Your feature spec template should contain an area for you to write down these success metrics and questions. Once you gather this information, you can then derive events and properties that would allow you to answer those questions and track those metrics. See our article on best practices on how to set metrics for product launches.
Step 3: Collaborate with your engineers and data governor to finalize taxonomy for a new feature.
Engineers should be involved in the entire process from early on because they can best verify the feasibility and the scope of the data you wish to track for a new feature (e.g. is the value of this event property available at the time of that event?). Your engineers are a great resource for prioritizing which pieces of data are most important as well as understanding what context is available at the time of each user action.
Collaboration is key between engineering and teams that consume the data. In an ideal world, no wall exists between analysts, engineering, QA, and the taxonomy/spec builder. Depending on the size and structure of your company, you might also want to consider creating a data governor role, whose responsibilities would entail owning the structure, cohesion, quality, and maintenance of data.
Your engineers are a great resource for prioritizing which pieces of data are most important.
A helpful tip to ensure all key stakeholders are aligned is to include in your feature spec template a table for the planned events, event properties, and user properties that will accompany each feature.
Related Reading: The Foundation for Great Analytics is a Great Taxonomy
Step 4: Document your taxonomy in a central resource that is easily accessible during the actual code instrumentation.

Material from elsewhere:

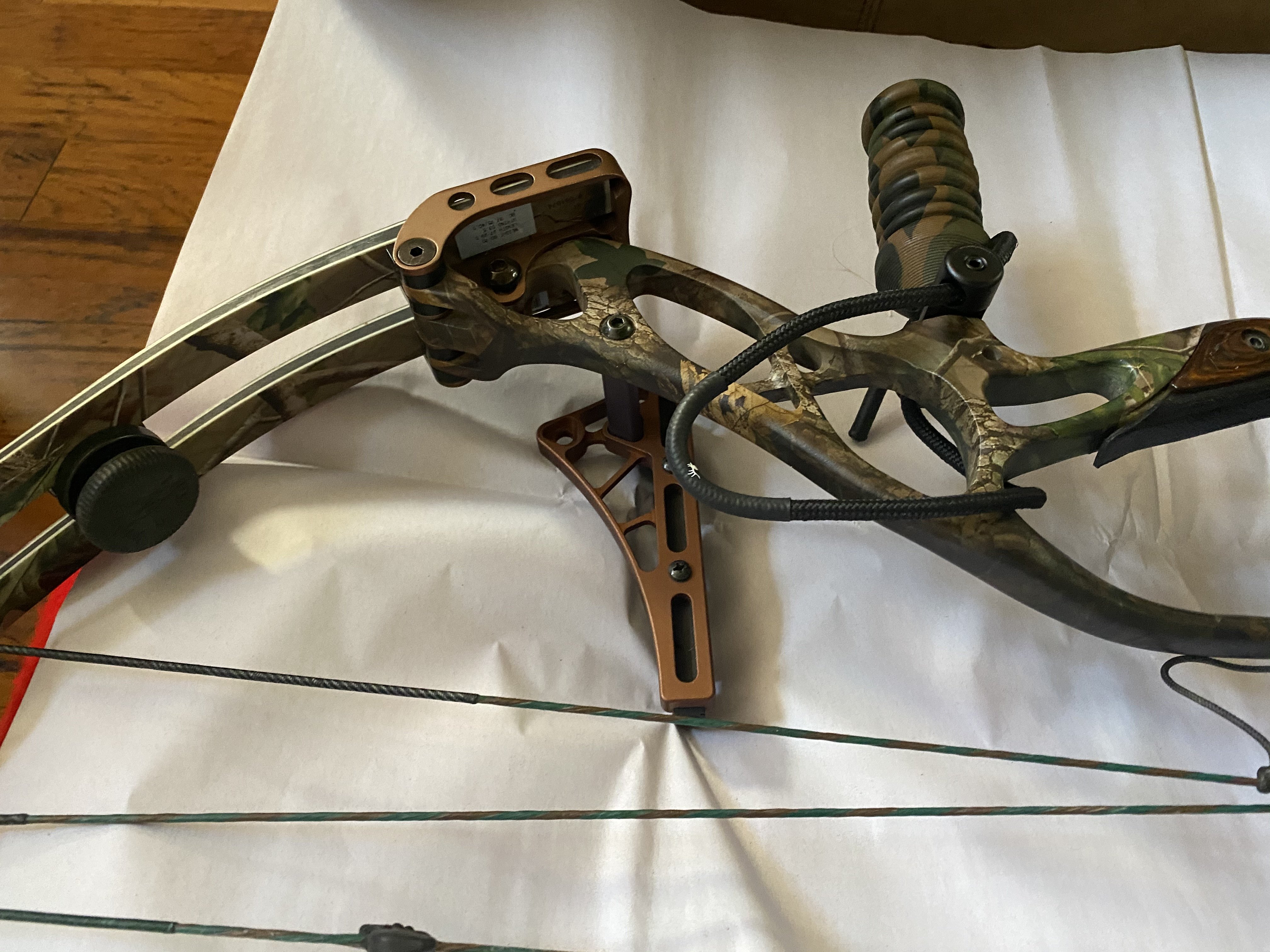 HOYT XTEC WITH CASE/ price drop - Classified Ads - CouesWhitetail.com ...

This is important for ongoing alignment, especially within organizations that contain multiple teams who need access to data. Some commonly used tools by Amplitude customers are:
- Google/Airtable spreadsheet
- Confluence/internal wiki page
- Schema in Amplitude’s Taxonomy add-on
Having a central resource is critical because you can then easily copy the necessary context that is shared between features. For example, if you are making a change to your checkout flow, then you can copy all the “cart” properties that should be tracked on all checkout events.
“Alignment has to happen at the engineering level, it can’t happen at the spreadsheet level”. Tanner McGrath, Head of Growth, Amplitude
If you want to make collaboration with your engineering team as frictionless as possible, however, the optimal and most efficient way might be to build a taxonomy repo in GitHub where event types, event properties, and user properties are defined. Every team can then consume from this repository. This ensures, for example, that Android and iOS will always use the same names for the same data. In addition, team members can easily follow commits to a repo, whereas edits to a spreadsheet are harder to follow. A GitHub repo is also readily accessible to the engineer who is writing the tracking code. Lastly, many tools such as Airtable and Amplitude’s Taxonomy add-on also include helpful APIs that can be leveraged to maintain your taxonomy directly within your codebase.
Step 5: PMs and engineers should work together to validate and QA the data once it has been instrumented.
Similar to your code review process, you should have an instrumentation review process. Taxonomy changes should always be sent to a test project in Amplitude before sending that data to production. The engineer or the PM can then create some sample charts with the newly instrumented data to verify its accuracy.
For best practices on how to validate your event data in Amplitude, check out our video walkthrough.
The Importance of a Good Instrumentation Process
Instrumentation is a small but critical piece of your overall data governance strategy that needs to be built into your product development workflow. Following these five steps will ensure that your whole team, from analyst to engineer, is aligned on the goals you are trying to achieve with data.